In a last-minute move, Arizona and federal regulators have shut down a co-op from selling plans to Obamacare customers.
That brings the number of taxpayer-funded Obamacare insurance startups to close down to 11, with open enrollment starting on Nov. 1.
State regulators have suspended the company that operates as Meritus Health Partners and Meritus Health Mutual Partners to ability to sell or renew plans to Obamacare customers for 2016. The federal government kicked the co-op out from offering plans on the Obamacare marketplaces.
The Arizona Department of Insurance had issued an order of supervision against the company, requiring that the insurer no longer offer plans after the end of the year.
Meritus did not choose to accept the order of supervision. The company's CEO said that the order "really caught us by surprise," according to a report in the Arizona Republic. CEO Tom Zumtobel said that he couldn't get feedback from state regulators on what they needed to do, according to the Republic's report.
The reason appears to be linked to financial woes, which have doomed the other 10 co-ops. Meritus received $93 million in federal start-up and solvency loans but has yet to make a profit and has lost more than $78 million since it started, the department said.
The decision on Friday comes two days before open enrollment kicks off for Obamacare. It means that all of Meritus' customers will need to find a new plan.
Meritus has more than 50,000 customers, the Republic said.
Arizona's Department of Insurance said that there are expected to be eight companies on the exchange offering about 120 individual plans and three companies offer 15 small group plans.
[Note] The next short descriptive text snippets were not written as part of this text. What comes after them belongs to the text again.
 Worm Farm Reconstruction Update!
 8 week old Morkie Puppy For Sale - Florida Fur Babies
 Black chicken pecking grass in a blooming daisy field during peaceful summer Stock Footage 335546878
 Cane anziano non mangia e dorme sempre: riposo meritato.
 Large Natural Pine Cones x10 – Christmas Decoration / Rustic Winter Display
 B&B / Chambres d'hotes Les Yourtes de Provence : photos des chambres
Meritus is the second co-op to fold this week, with Utah's co-op already announcing it won't offer plans in 2016. In addition, New York's co-op Health Republic will shut down a month early at the end of November. It had originally planned to offer plans until the end of the year, but regulators said its financial woes are worse than originally thought.
The Affordable Care Act created 23 public and nonprofit co-ops to spur more competition on the Obamacare exchanges. So far 11 have shut down, mainly due to financial problems.
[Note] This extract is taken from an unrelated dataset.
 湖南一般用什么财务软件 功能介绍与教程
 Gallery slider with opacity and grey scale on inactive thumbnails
A reason that many have given for closing up shop is a lack of federal funding from a program intended to mitigate insurance losses.
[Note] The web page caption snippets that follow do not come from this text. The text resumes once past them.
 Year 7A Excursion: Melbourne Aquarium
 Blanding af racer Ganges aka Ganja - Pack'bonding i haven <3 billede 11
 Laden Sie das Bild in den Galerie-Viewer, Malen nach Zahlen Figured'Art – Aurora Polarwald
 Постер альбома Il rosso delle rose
Republicans have seized on the co-op failure, saying that the law has wasted taxpayer money.
"With 11 of 23 co-ops shutting down, the cost now tops $1.1 billion — a nasty Halloween trick for taxpayers," said Rep. Fred Upton, R-Mich., chairman of the House Energy & Commerce Committee. The committee will hold a hearing on the co-ops next week.
The Centers for Medicare and Medicaid Services, which oversees the co-op,said that its priority is to ensure access to marketplace customers.
"We are working with Arizona officials to do everything possible to make sure consumers stay covered," the agency said.
The administration has said that it had expected some co-ops to have problems since they are startups.